Problem description = Apart from the pictures, output all of the records exactly.

Exercise data =
■ ■ ■
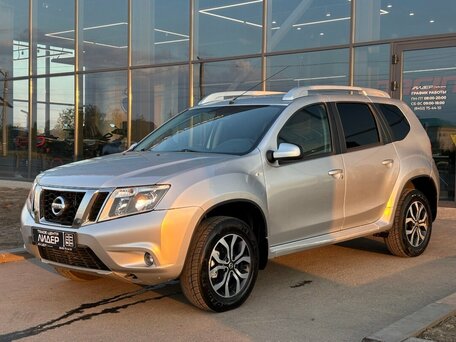 Nissan Terrano III (D10)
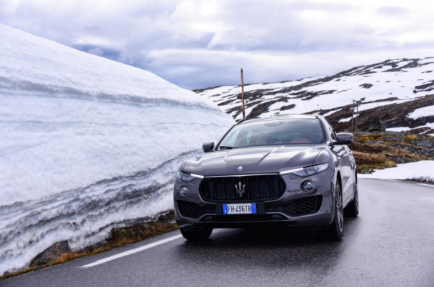 資訊稿-你向往的神秘北極 瑪莎拉蒂Levante替你去過(guò)了3594.png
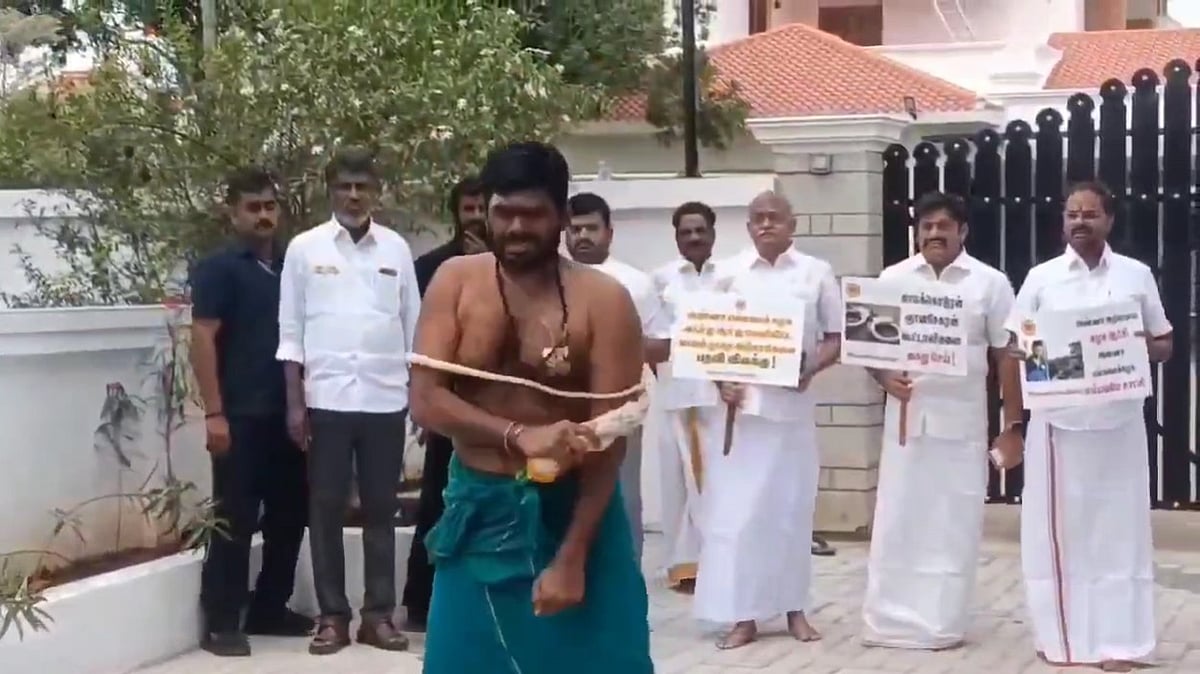 സ്വയം ചാട്ടവാര് കൊണ്ട് അടിച്ച് അണ്ണാമലൈ, ഡിഎംകെ സര്ക്കാരിനെ താഴെയിറക്കാന് വ്രതം ( വീഡിയോ)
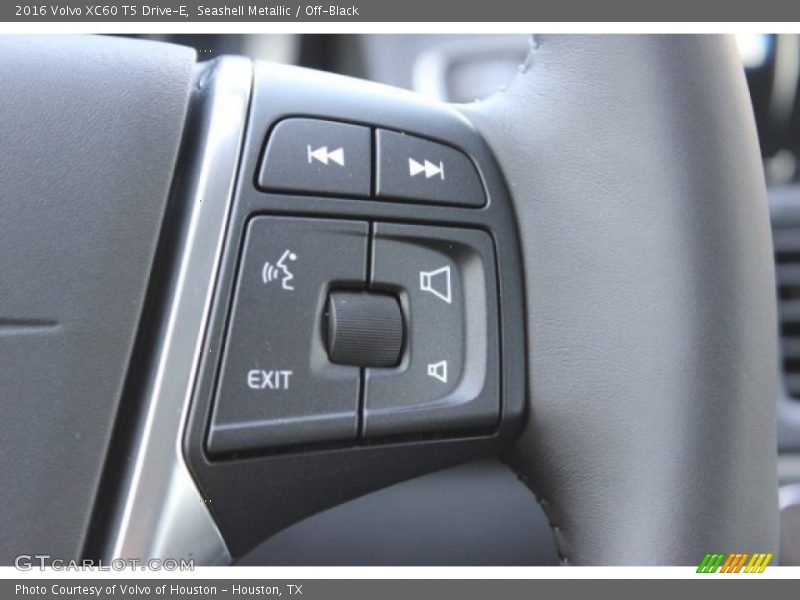 Seashell Metallic / Off-Black 2016 Volvo XC60 T5 Drive-E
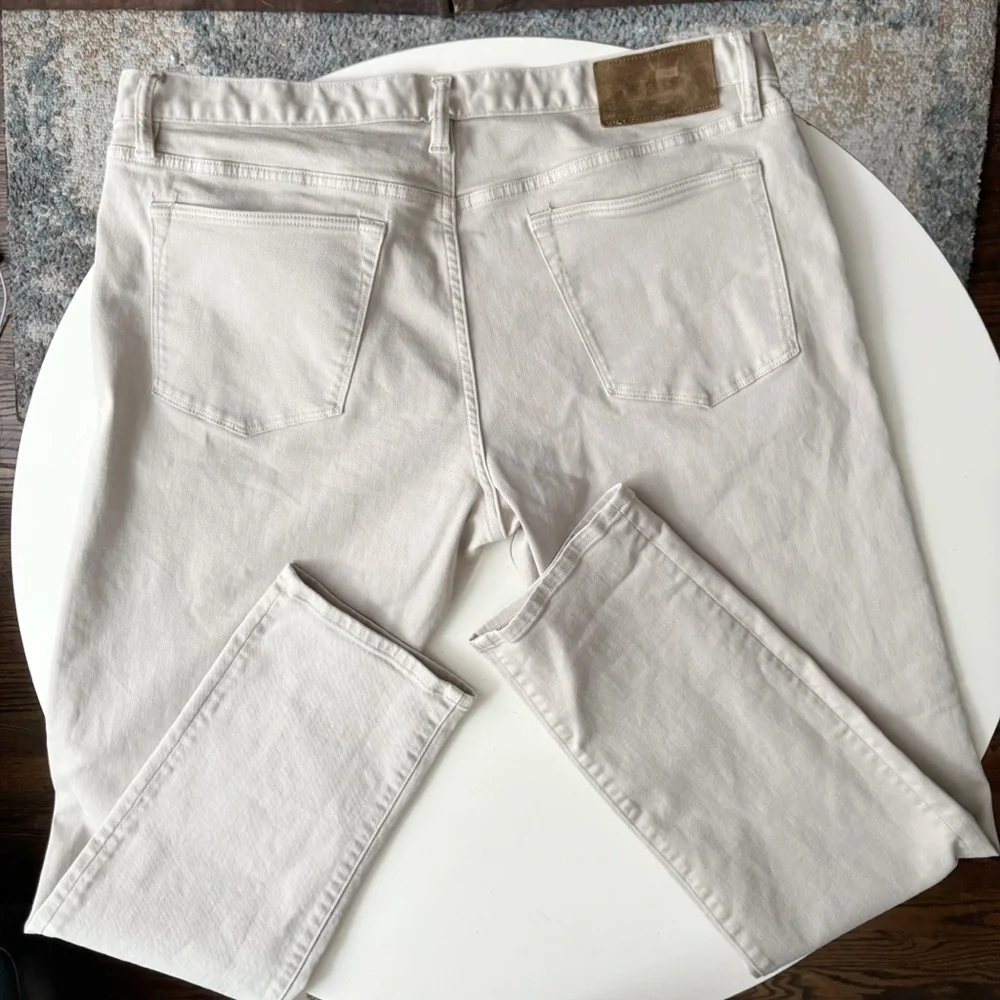 Todd Snyder Men’s Slim Fit 5 Pocket Chino Pant 36x34 Cream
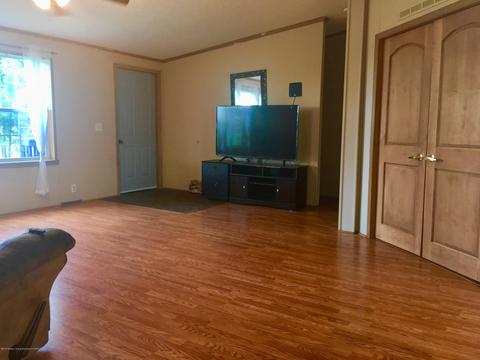 1267 W St Charles, Ithaca, MI 48847 photo 8
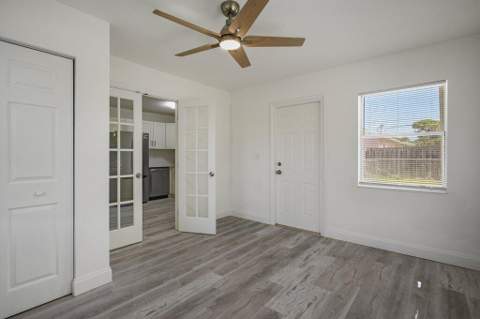 911 SE Dolphin Drive, Stuart FL - photo 15 of 25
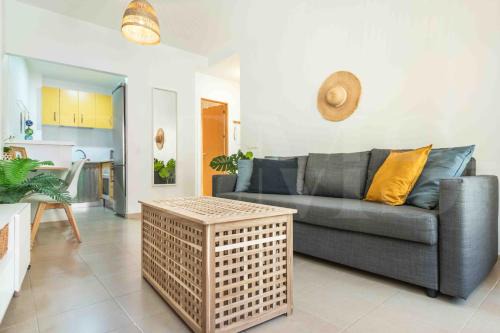 La Goleta Appartement | Bright apartment near the historic center by REMS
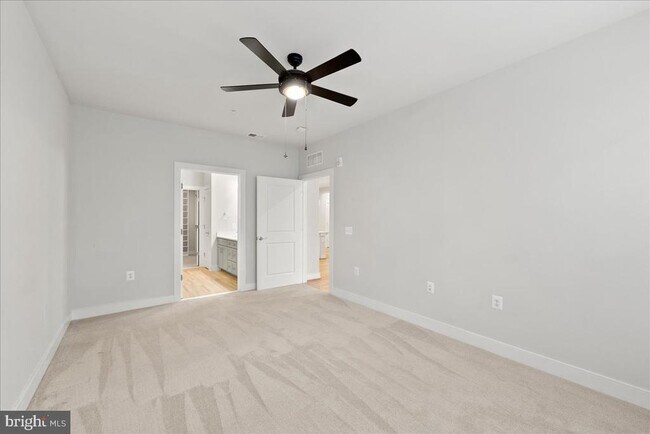 Foto del edificio - 2320 Field Point Rd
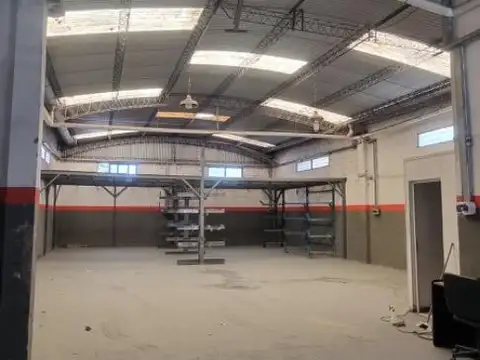 Galpon en Venta en Barrio Parque Leloir, USD 270.000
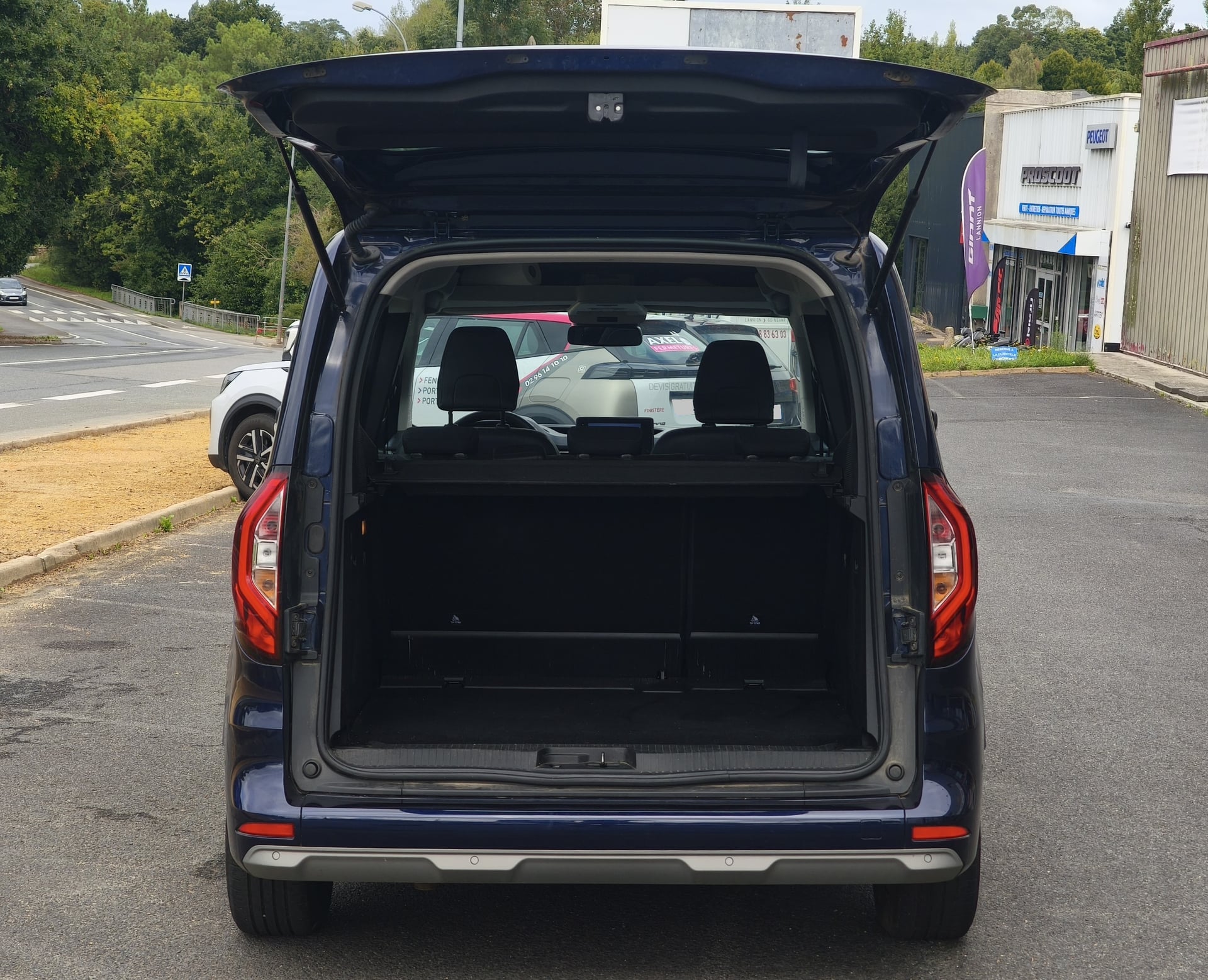 Renault Kangoo 1.3 tce 102 ch EQUILIBRE — 31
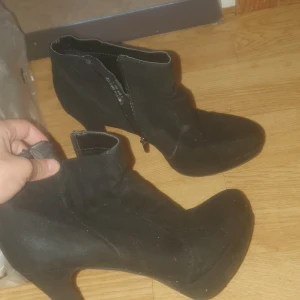 Klackar storlek 40 - Nästan som ny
■ ■ ■
Task answer =
 Nissan Terrano III (D10)
 資訊稿-你向往的神秘北極 瑪莎拉蒂Levante替你去過(guò)了3594.png
 സ്വയം ചാട്ടവാര് കൊണ്ട് അടിച്ച് അണ്ണാമലൈ, ഡിഎംകെ സര്ക്കാരിനെ താഴെയിറക്കാന് വ്രതം ( വീഡിയോ)
 Seashell Metallic / Off-Black 2016 Volvo XC60 T5 Drive-E
 Todd Snyder Men’s Slim Fit 5 Pocket Chino Pant 36x34 Cream
 1267 W St Charles, Ithaca, MI 48847 photo 8
 911 SE Dolphin Drive, Stuart FL - photo 15 of 25
 La Goleta Appartement | Bright apartment near the historic center by REMS
 Foto del edificio - 2320 Field Point Rd
 Galpon en Venta en Barrio Parque Leloir, USD 270.000
 Renault Kangoo 1.3 tce 102 ch EQUILIBRE — 31
 Klackar storlek 40 - Nästan som ny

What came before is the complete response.